KeyError when loading AutoModelForTokenClassification
System Info
-
transformersversion: 4.29.2 - Platform: macOS-14.2.1-arm64-arm-64bit
- Python version: 3.10.14
- Huggingface_hub version: 0.23.0
- Safetensors version: 0.4.3
- PyTorch version (GPU?): 2.3.0 (False)
- Tensorflow version (GPU?): not installed (NA)
- Flax version (CPU?/GPU?/TPU?): not installed (NA)
- Jax version: not installed
- JaxLib version: not installed
- Using GPU in script?: No
- Using distributed or parallel set-up in script?: No
Who can help?
No response
Information
- [ ] The official example scripts
- [ ] My own modified scripts
Tasks
- [ ] An officially supported task in the
examplesfolder (such as GLUE/SQuAD, ...) - [ ] My own task or dataset (give details below)
Reproduction
-
Setup a python virtual environment with the command
python -m venv .venv -
Enter the virtual environment with
source .venv/bin/activate -
Install the following python dependencies:
transformers==4.29.2 accelerate==0.19.0 datasets pysbd wandb h5py nltk spacy ersatz iso-639 scikit-learn==1.2.2 numpy==1.23.5 pydantic torchinfo conllu pandarallel cohere replicate onnx onnxruntime torchinfo mosestokenizer cached_property tqdm skops pandas protobuf==3.20
-
Run the lines of python code
from transformers import AutoModelForTokenClassification
model = AutoModelForTokenClassification.from_pretrained("segment-any-text/sat-1l-sm")
Expected behavior
Expected the model to load without any issue. However, I get the following error instead:
Traceback (most recent call last):
File "/Users/pim.jv/Documents/Code/wtpsplit/test_hf.py", line 4, in <module>
model = AutoModelForTokenClassification.from_pretrained("segment-any-text/sat-1l-sm", force_download=False)
File "/opt/homebrew/lib/python3.10/site-packages/transformers/models/auto/auto_factory.py", line 444, in from_pretrained
config, kwargs = AutoConfig.from_pretrained(
File "/opt/homebrew/lib/python3.10/site-packages/transformers/models/auto/configuration_auto.py", line 940, in from_pretrained
config_class = CONFIG_MAPPING[config_dict["model_type"]]
File "/opt/homebrew/lib/python3.10/site-packages/transformers/models/auto/configuration_auto.py", line 655, in __getitem__
raise KeyError(key)
KeyError: 'xlm-token'
Hey, there is no config assignment for this model type. It is needed to add related type and config into mapping. @zucchini-nlp is it ok for you? I could try to fix it
Seems like you are trying to load XLMForTokenClassification. The model type should be modified in the config.json file on the hub. XLM models can be loaded via xlm-roberta model type. If the model belongs to you you can update it yourself, otherwise open a PR on model page.

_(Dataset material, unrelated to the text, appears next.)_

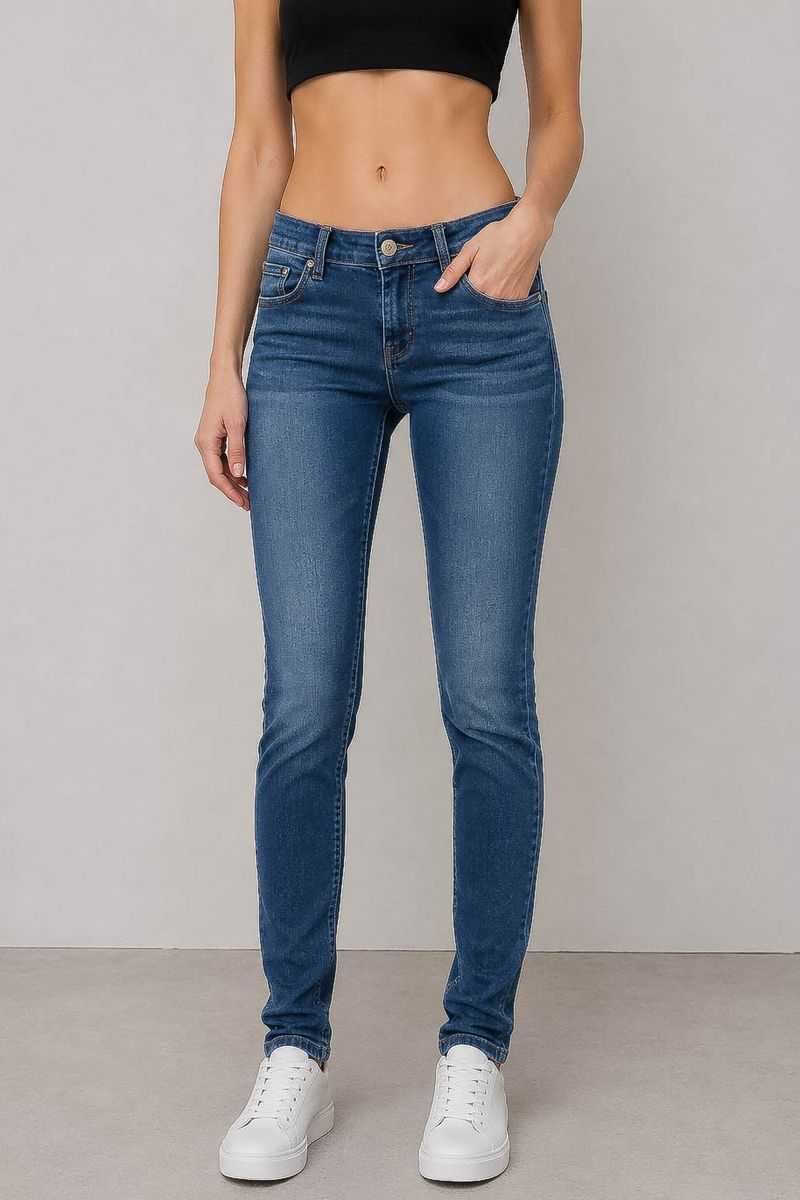 Джинси жіночі однотонні Slim fit, колір синій, 244RA601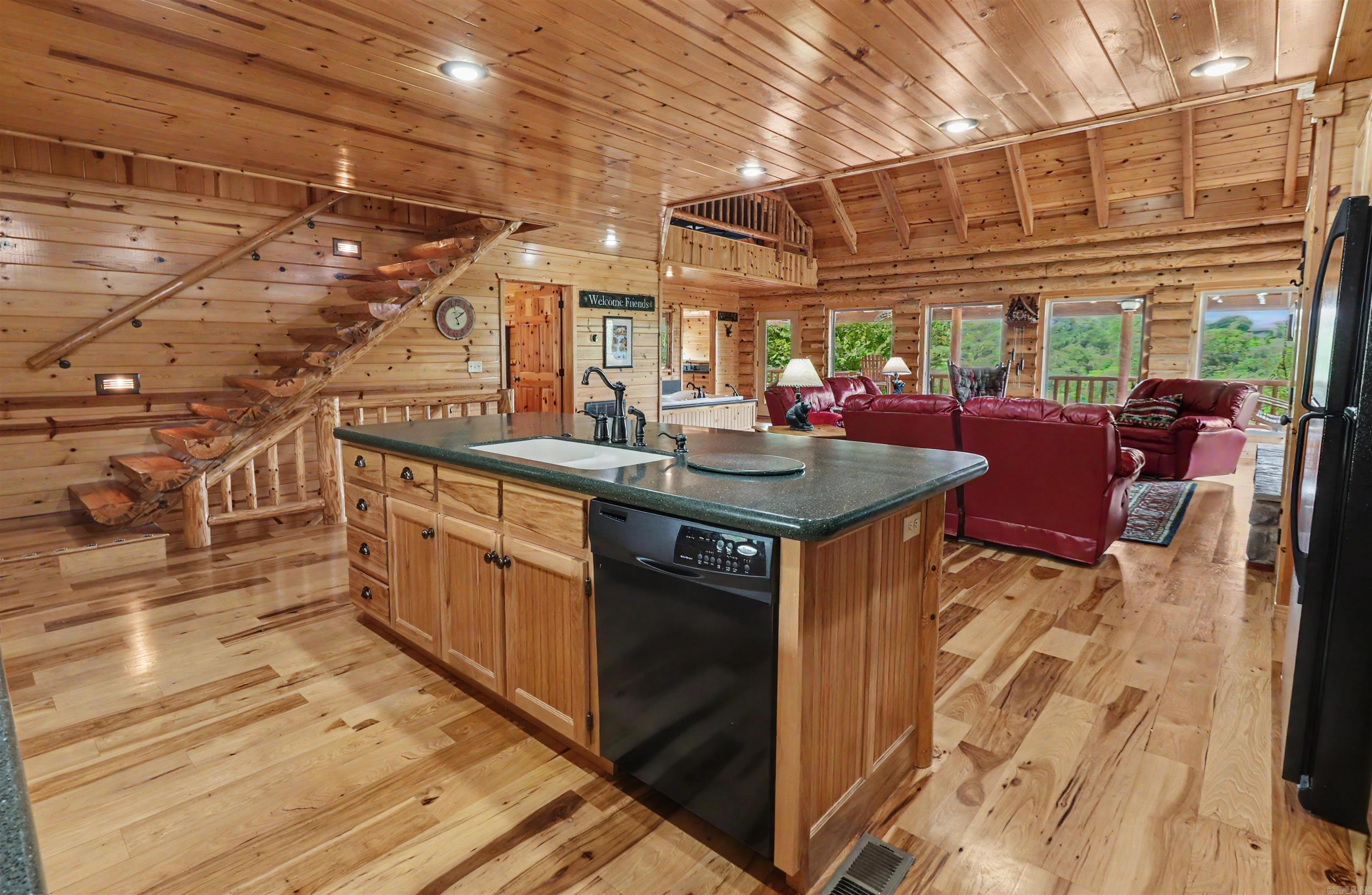 167 Bella Vista Rd Road Berryville, AR 72616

https://github.com/huggingface/transformers/blob/ac5a0556f14dec503b064d5802da1092e0b558ea/src/transformers/models/auto/modeling_auto.py#L1126-L1127
A workaround is to load directly with the correct model class, as XLMRobertaForTokenClassification.from_pretrained(model_id)
@zucchini-nlp Just one thing is weird to me and because of that, I suppose, model loading is failed, is that in config.json of this model "base_model": "xlm-roberta-base". I am not sure that it is correct, should not be a base_model is different one?
This issue has been automatically marked as stale because it has not had recent activity. If you think this still needs to be addressed please comment on this thread.
Please note that issues that do not follow the contributing guidelines are likely to be ignored.